> [Aim of the exercise]: Using only the entries below, copy exactly the lines that begin at the one with "KHAiHOM.com - RPG" and end at the one with "Minimalist Basil Leaves, 4", both included. Drop the pictures.

> [Data records]:
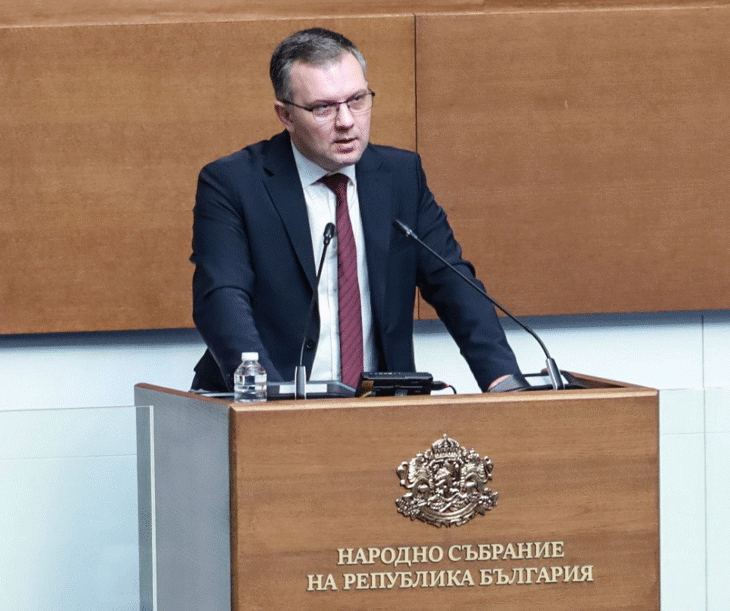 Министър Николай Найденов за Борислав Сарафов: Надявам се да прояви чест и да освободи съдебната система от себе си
...
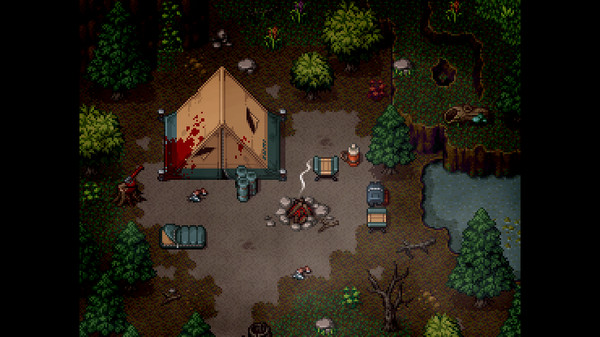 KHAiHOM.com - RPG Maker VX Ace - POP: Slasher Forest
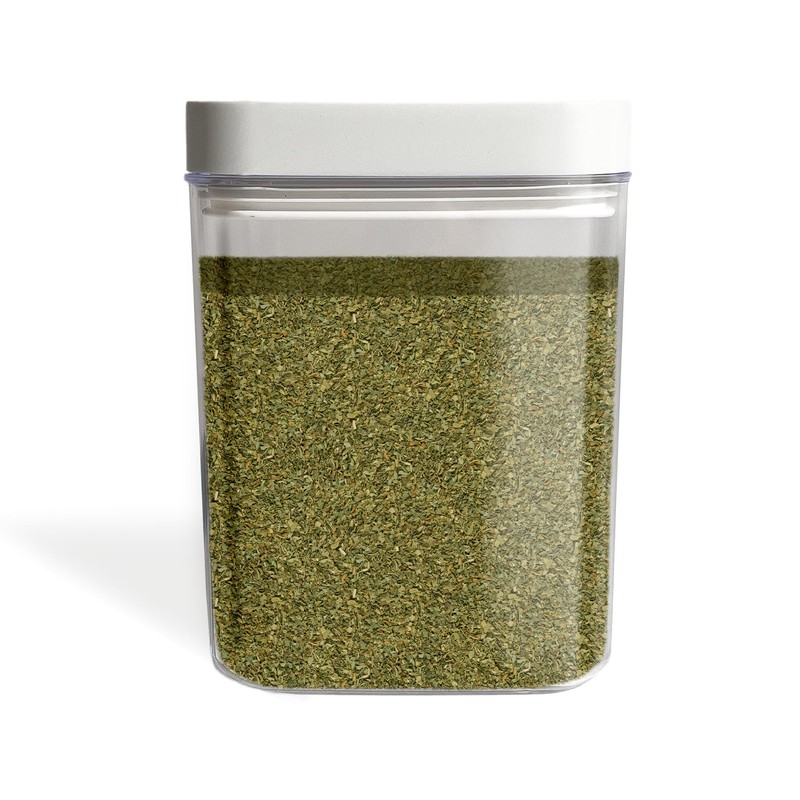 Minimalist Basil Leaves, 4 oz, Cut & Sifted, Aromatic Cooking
* * *
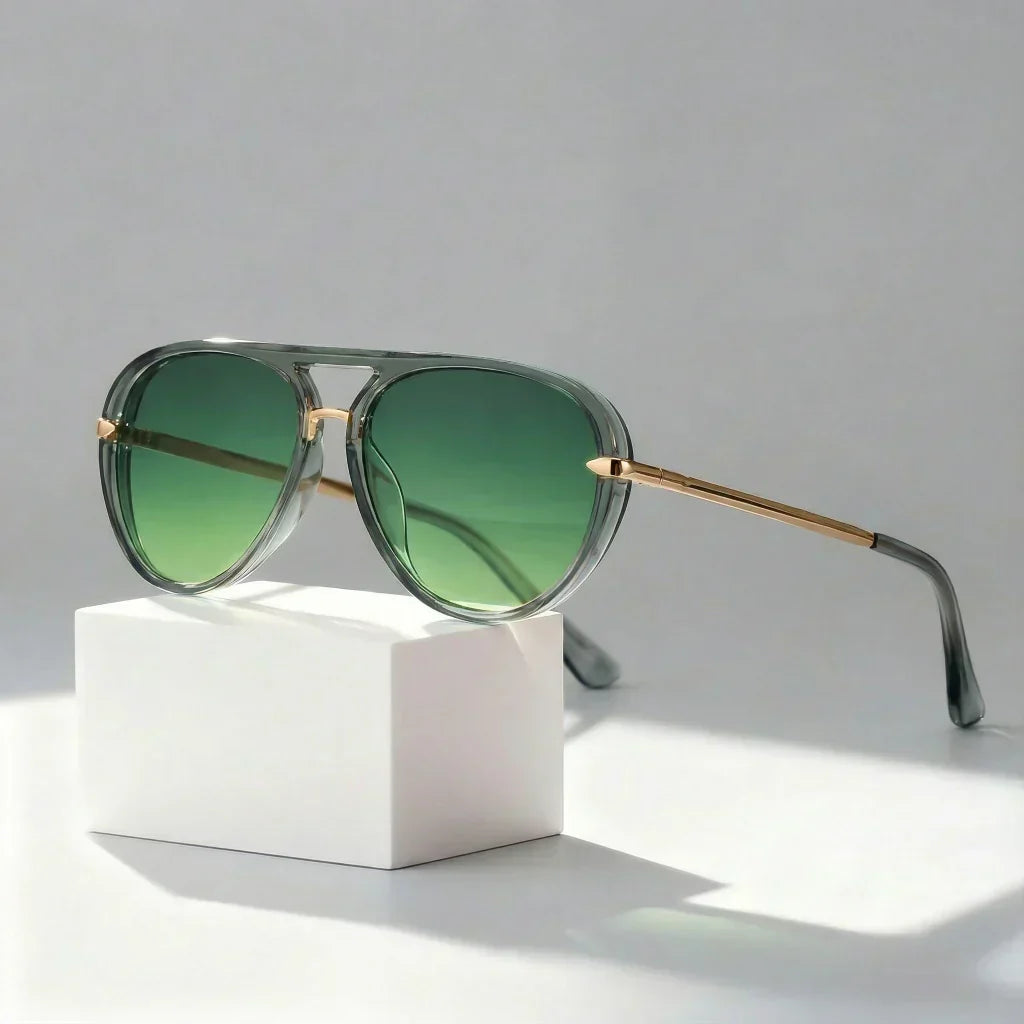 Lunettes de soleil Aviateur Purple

> [Result below]:
 KHAiHOM.com - RPG Maker VX Ace - POP: Slasher Forest
 Minimalist Basil Leaves, 4 oz, Cut & Sifted, Aromatic Cooking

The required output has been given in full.